When a lender fails to move forward with foreclosure on a delinquint unit, the association can be left with both a vacant property and no means to collect its assessements. However, the law may give condominiums and homeowner associations a way to fight back against lenders that have liens on delinquent properties in their communities, but refuse to take title and assume responsibility for unit owner oblgations to the association. A “quiet title” action may be the answer.
Condominium and homeowner associations continue to be impacted by the recession and depressed real estate values. Unit owners who are unable to keep up with their mortgage payments often become delinquent in their fee assessment payments as well. This, of course, damages the association, whose ability to operate is entirely dependent upon timely payment of assessments by all unit owners. And even when an association pursues all of it available statutory remedies, including placing a lien on the unit, the properties are usually subject to a mortgages, home equity lines, and other secured loans from banks and lending institutions that have first priority. This prevents the association from foreclosing and taking ownership for purposes of selling the unit. But a further complication arises when the lender holding the superior lien fails to move forward with it own foreclosure on such properties.
When lenders assume ownership of properties through foreclosure, they become responsible to the association for assessements applicable to the unit from the time that they take title. Essentially, the lender becomes the unit owner. However, not all lenders who are entitled to foreclose on a property proceed with foreclosure. In some cases, the lenders are waiting for the market to improve, or simply are carrying too many troubled properties to take on more. Whatever the reason, they can avoid the responsibilites of ownership by simply not going forward with foreclosure. When this happens, and the delinquent unit owner has vacated the unit, the association is left to deal with a vacant property wand no one responsible for paying its share of association expenses.
According to the Community Associations Institute, a large percentage of lender-owned homes are not making timely assessment payments. Add to those the vacant units where the lender has failed to take ownership, and the number of non-paying units becomes staggering.
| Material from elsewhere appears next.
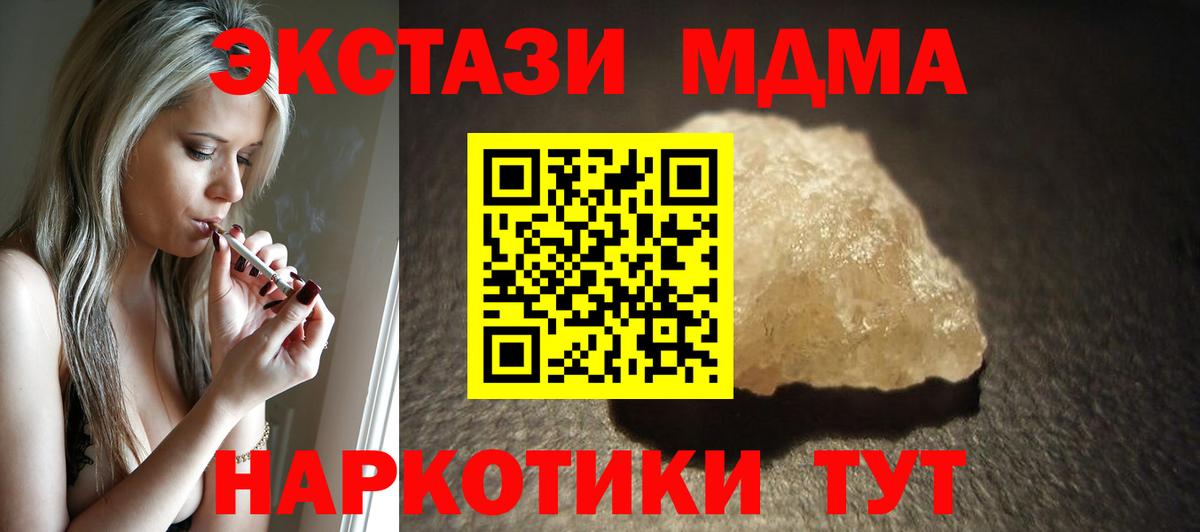 Иваново  МДМА Molly  MDMA  Вход с VPN  MDMA VHQ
In some jurisdictions, the problem is so acute that the legal community has been called upon to find creative ways to address it. One method is an action to “quiet title.” Such actions can generally be brought by any person or entity with constructive possession of a property under color of title or claim against another person or entity claiming title through, for example a lien. A condominium or homeowners association with a lien on a unit for unpaid assessment may qualify as holding a sufficient claim of possession so as to be entitled to bring such an action. The suit is intended to remove any cloud on the title and resolve disputes as to ownership interest.
Arguably, such a suit could require the lender to either move forward with foreclosure or release its claim and allow the association to take title. In some places, this process has come to be called “the mortgage terminator,” and particular attention has been given to a case involving a Miami condominium unit in which Citibank held the mortgage. The condominium association, which had a lien on the unit for unpaid assessments, sued when Citibank failed to move forward with foreclosure. The parties reached a settlement that reportedly allowed the association to take title.
A Maryland statute, Md. Real Prop. Code Ann. Sec. 14-108, specifically provides for “quiet title” actions. The right lawyer may be able to utilize this procedure to either force lenders to foreclose, take title, and begin paying assessments, or to give up their claim to the property and allow the association to foreclose on its lien.